Here's the response:
Hi Stat Girl,

Thank you for emailing BabyCenter with your thoughtful note.  You make some good points - I will forward your email to our news editors. Thank you for your interest in BabyCenter!

Heather
Community Administrator



NO FURTHER COMMUNICATION, EVER. Even after I wrote again:



Heather,
         Thank you for forwarding my concerns. I am a bit trobled that there has been no additional response to my letter. Is it normally the policy of babycenter.com to simply reply "thanks for writing?". I have looked for any updates on PPD and have not seen much.  However, I have noticed more coming from the wire service Reuters (which is at least a reputable news source). I am encouraging the new mothers who I know to read the reporting of studies via babycenter.com with a high degree of skepticism.  Furthermore, in a survey that I was asked to take for babycenter.com, the survey seemed to be asking my degree of confidence in the information provided by the site.  If your goal and value proposition is to be "the authority on the web for all matters baby-related", I have to question whether or not your content team is aware of what such a goal entails.  If you are simply serving as a lead source for diapers.com, then I suppose catchy headlines are all that matters.  For example, today's email blast has a link to an article about VBAC. It says, "Vaginal birth after C section may be safe."  VBAC is VERY common.
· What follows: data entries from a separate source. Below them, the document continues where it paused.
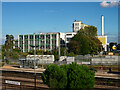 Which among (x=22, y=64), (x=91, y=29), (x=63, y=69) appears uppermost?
Answer: (x=91, y=29)

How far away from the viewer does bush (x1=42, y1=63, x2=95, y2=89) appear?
13.0m

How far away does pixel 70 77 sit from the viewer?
13281 mm

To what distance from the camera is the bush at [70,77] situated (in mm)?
13008

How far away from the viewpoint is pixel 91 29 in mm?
122125

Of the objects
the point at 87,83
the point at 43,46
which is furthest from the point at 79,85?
the point at 43,46

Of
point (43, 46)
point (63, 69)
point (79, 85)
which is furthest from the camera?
point (43, 46)

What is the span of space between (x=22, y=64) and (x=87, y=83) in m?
37.2

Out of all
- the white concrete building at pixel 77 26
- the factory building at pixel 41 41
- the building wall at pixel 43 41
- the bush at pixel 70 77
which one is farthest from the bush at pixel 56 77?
the white concrete building at pixel 77 26

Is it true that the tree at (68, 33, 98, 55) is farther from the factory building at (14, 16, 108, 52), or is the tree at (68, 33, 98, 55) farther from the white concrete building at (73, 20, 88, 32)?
the white concrete building at (73, 20, 88, 32)

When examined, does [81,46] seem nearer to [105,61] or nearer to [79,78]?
[105,61]

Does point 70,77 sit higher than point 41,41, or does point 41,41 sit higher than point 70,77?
point 41,41

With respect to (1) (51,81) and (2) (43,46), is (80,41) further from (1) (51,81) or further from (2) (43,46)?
(1) (51,81)

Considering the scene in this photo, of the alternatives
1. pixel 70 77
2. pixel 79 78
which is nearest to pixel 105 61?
pixel 70 77

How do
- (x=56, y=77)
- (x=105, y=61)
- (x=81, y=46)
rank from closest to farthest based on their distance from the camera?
1. (x=56, y=77)
2. (x=105, y=61)
3. (x=81, y=46) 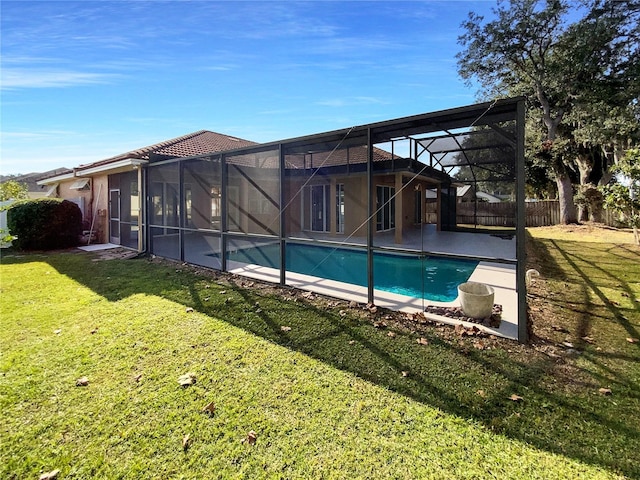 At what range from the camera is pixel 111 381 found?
10.0 ft

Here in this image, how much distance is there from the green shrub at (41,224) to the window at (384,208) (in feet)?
40.4

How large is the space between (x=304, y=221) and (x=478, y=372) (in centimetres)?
1324

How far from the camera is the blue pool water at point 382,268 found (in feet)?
23.7

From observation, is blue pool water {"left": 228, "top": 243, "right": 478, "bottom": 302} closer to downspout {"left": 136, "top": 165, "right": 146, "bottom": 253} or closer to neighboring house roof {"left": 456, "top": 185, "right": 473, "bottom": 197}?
downspout {"left": 136, "top": 165, "right": 146, "bottom": 253}

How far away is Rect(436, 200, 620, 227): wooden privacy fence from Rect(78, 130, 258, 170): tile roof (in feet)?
49.7

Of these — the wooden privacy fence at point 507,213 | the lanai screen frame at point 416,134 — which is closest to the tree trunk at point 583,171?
the wooden privacy fence at point 507,213

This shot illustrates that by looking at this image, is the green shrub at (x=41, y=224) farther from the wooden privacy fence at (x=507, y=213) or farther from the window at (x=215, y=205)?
the wooden privacy fence at (x=507, y=213)

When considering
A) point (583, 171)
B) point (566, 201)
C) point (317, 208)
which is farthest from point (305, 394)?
point (583, 171)

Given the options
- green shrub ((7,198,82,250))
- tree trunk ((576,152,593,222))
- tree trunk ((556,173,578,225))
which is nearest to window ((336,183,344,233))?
green shrub ((7,198,82,250))

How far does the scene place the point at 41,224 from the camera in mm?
11242

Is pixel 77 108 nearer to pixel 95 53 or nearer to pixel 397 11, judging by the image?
pixel 95 53

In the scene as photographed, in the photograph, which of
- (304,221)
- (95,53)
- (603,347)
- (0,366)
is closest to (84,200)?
(95,53)

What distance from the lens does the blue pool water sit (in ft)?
23.7

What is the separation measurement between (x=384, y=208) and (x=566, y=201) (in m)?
12.1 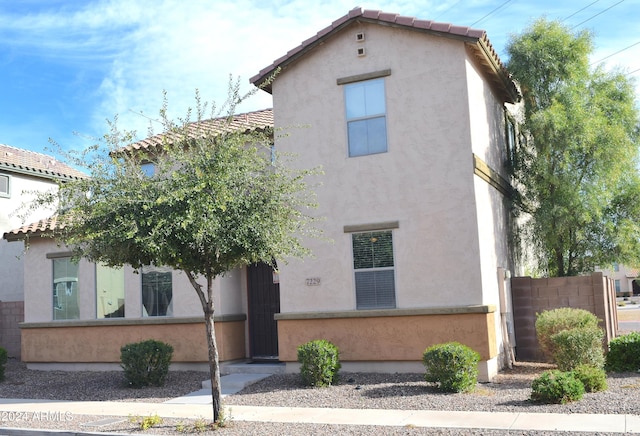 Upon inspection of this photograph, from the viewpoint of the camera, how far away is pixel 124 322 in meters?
15.9

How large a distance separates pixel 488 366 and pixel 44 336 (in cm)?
1108

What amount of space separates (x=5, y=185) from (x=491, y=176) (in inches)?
630

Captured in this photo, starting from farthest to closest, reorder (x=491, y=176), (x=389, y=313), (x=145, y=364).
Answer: (x=491, y=176), (x=145, y=364), (x=389, y=313)

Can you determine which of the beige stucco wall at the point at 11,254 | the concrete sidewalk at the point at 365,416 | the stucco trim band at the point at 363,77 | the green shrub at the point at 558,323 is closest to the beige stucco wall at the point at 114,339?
the concrete sidewalk at the point at 365,416

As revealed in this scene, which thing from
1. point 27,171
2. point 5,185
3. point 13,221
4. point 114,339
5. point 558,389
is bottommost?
point 558,389

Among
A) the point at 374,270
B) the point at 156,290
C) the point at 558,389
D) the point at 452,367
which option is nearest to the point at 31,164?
the point at 156,290

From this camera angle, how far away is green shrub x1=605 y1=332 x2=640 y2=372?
39.9ft

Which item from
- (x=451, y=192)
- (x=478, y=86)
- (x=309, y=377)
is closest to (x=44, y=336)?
(x=309, y=377)

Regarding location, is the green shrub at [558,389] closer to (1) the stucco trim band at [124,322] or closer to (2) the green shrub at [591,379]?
(2) the green shrub at [591,379]

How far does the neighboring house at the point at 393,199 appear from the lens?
12.7 m

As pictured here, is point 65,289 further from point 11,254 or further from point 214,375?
point 214,375

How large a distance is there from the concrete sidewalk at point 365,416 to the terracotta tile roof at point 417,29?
6905 mm

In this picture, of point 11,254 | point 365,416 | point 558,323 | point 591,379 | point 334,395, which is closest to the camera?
point 365,416

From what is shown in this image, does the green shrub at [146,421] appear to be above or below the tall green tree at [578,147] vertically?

VBAC after multiple cesarians being safe, however is newsworthy. Making the lead link, "Vaginal birth after multiple C sections may be safe", seems like a more appropriate headline and does not imply that VBAC in general has heretofore been considered unsafe. I imagine that the click-through rate would be lower though.
Thank you again for reading my thoughts and passing them on.
Respectfully yours,
Stat Girl

MORAL OF THE STORY: This is my small way to save us from this kind of psychological warfare. That may seem hyperbolic, but that's how it feels to me.